Closer still -- at Comerica Theatre on Tuesday -- neither impression holds true. Live, She & Him are neither an actress' side project nor an uncanny imitation of retro torch-pop. They're just an exceptionally tight band playing great songs.
Things do get a little more twee -- a little more like you expected, maybe -- in person. The backing band looks just this side of in-costume, and to one side sways a matched set of ragdoll-dressed backing singers (The Chapin Sisters, well-regarded in their own right) with defiantly arhythmic synchronized dance moves.
But they can sing as well as they can't dance, and the band clearly comes by their band costumes honestly. If they're daring you to think of them as a novelty act, a parody of the kind of band Zooey Deschanel would be in, it's a non-issue, because once you hear them you won't take them up on it.
Despite all the moving parts, the live setting gave these songs a new sharpness. Things were as precise as they are on record -- you come with an accordion, you best not miss -- but standing in for the albums' hermetic ELO tightness was a surprising briskness. No song -- no surprisingly tricky guitar riff, no vocal affect, no instrumental cameo -- overstayed its welcome.

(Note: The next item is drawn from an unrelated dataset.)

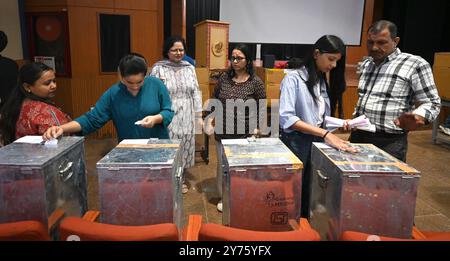 Nuova Delhi, India. 27 settembre 2024. NUOVA DELHI, INDIA - SETTEMBRE 27: Gli studenti votano per le elezioni del DUSU al Ramjas Collage North Delhi University il 27 settembre 2024 a nuova Delhi, India. (Foto di Sonu Mehta/Hindustan Times/Sipa USA) credito: SIPA USA/Alamy Live News Foto Stock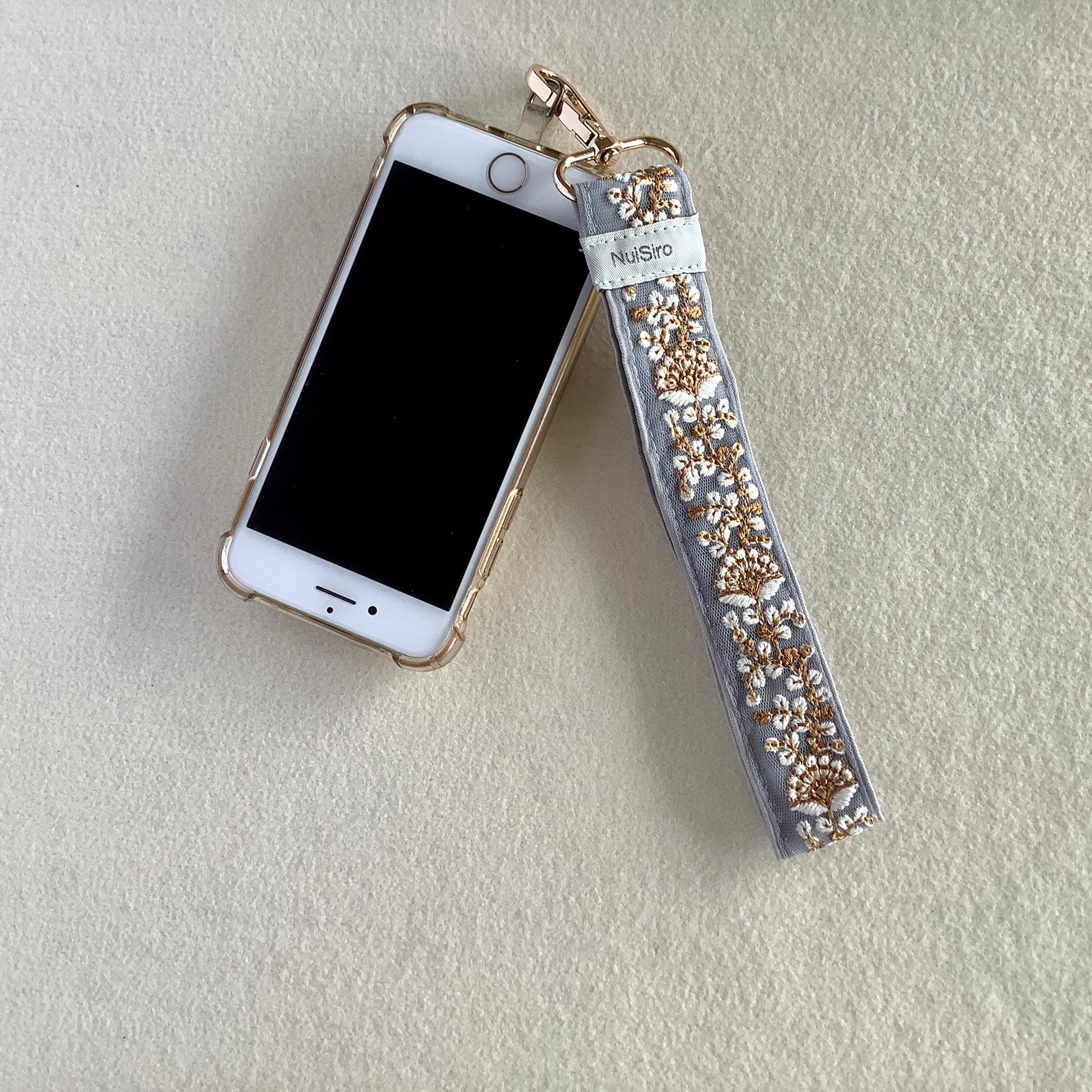 【持ちやすくて可愛いお手元】インド刺繍のスマホストラップ☆Kavya／ハンドストラップ・携帯ストラップ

At the front of the band stood Deschanel and M. Ward, the titular Him. Ward looked to be behind the songs' newfound energy -- his lead parts constantly pushed the tempo, and seemed to get faster, more complex, more aggressive as the evening wore on.
Ward plays the guitar, crouched down and jittery, like he's trying to jimmy a lock with the headstock; he sings and even talks with a genre-appropriate rasp, like he's just performed a punishing three-hour set but is game for a fifth encore.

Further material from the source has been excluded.